## [Data section]

+---+

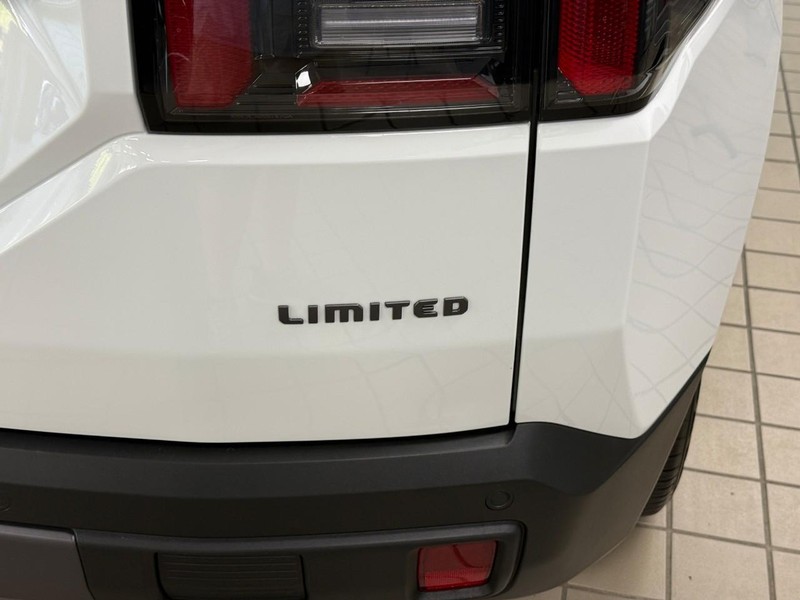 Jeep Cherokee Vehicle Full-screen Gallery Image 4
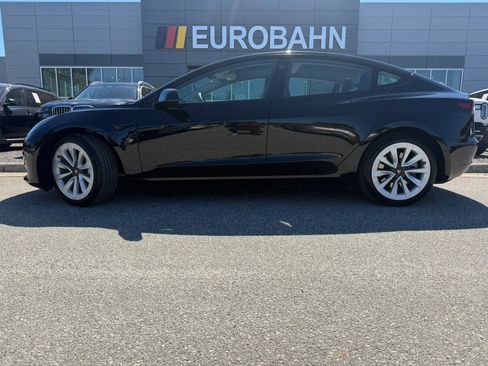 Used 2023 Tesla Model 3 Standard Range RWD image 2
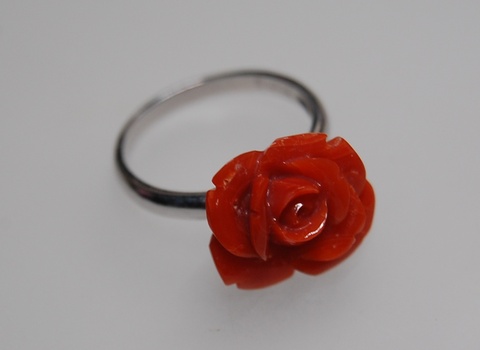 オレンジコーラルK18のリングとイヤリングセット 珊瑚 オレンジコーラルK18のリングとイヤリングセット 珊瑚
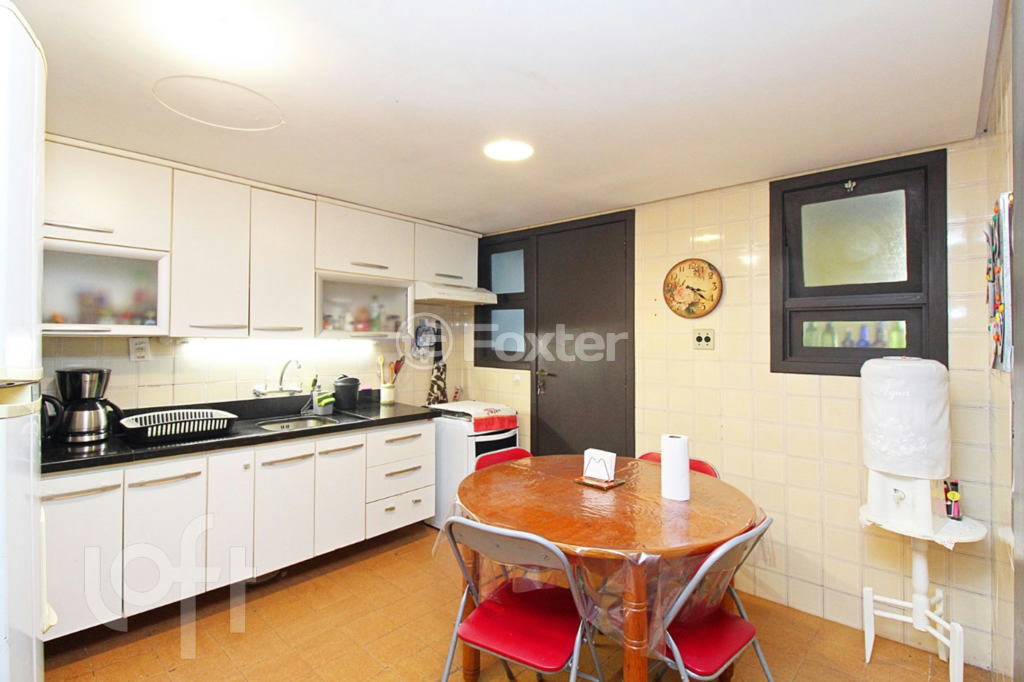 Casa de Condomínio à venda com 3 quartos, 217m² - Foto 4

+---+

## [Task brief]
What you give back must match the material word for word, with no images included.

## [Response to this exercise]
 Jeep Cherokee Vehicle Full-screen Gallery Image 4
 Used 2023 Tesla Model 3 Standard Range RWD image 2
 オレンジコーラルK18のリングとイヤリングセット 珊瑚 オレンジコーラルK18のリングとイヤリングセット 珊瑚
 Casa de Condomínio à venda com 3 quartos, 217m² - Foto 4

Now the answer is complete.